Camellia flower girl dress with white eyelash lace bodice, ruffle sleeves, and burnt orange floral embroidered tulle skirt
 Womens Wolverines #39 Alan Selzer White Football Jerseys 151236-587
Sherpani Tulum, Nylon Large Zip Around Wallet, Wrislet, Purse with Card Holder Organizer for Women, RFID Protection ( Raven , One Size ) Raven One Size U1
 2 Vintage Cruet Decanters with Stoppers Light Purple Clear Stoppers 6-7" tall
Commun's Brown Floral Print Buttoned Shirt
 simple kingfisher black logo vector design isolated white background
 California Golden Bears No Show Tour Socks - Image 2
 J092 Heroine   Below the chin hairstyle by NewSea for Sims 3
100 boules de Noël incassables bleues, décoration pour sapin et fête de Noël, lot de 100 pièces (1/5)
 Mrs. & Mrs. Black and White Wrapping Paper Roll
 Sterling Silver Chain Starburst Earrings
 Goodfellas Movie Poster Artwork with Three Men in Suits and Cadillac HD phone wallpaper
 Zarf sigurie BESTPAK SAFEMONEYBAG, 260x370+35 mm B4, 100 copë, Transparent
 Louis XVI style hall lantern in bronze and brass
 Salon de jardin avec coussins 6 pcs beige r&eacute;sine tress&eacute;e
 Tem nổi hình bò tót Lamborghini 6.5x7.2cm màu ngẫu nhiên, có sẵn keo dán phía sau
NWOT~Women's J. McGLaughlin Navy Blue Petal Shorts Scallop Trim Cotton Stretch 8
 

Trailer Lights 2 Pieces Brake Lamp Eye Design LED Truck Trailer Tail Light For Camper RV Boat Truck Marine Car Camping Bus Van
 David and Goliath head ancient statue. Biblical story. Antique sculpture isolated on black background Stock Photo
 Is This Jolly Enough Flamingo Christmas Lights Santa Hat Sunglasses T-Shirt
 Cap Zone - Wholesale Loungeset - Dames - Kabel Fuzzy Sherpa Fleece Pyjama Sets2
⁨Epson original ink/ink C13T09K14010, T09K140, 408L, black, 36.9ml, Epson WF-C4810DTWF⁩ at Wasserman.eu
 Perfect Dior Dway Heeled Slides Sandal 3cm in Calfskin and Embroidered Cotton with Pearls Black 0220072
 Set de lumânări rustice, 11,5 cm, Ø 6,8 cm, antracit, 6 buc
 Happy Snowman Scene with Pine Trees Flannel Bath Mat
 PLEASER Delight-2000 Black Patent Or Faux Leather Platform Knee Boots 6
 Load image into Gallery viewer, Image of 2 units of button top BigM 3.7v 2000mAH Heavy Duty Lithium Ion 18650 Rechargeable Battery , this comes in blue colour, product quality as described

________

WHAT IS NEEDED:
Return exactly the lines above from the line that has "Louis XVI style" through the line that has "NWOT~Women's J. McGLaughlin", inclusive, and nothing else.

RESULT BELOW:
 Louis XVI style hall lantern in bronze and brass
 Salon de jardin avec coussins 6 pcs beige r&eacute;sine tress&eacute;e
 Tem nổi hình bò tót Lamborghini 6.5x7.2cm màu ngẫu nhiên, có sẵn keo dán phía sau
NWOT~Women's J. McGLaughlin Navy Blue Petal Shorts Scallop Trim Cotton Stretch 8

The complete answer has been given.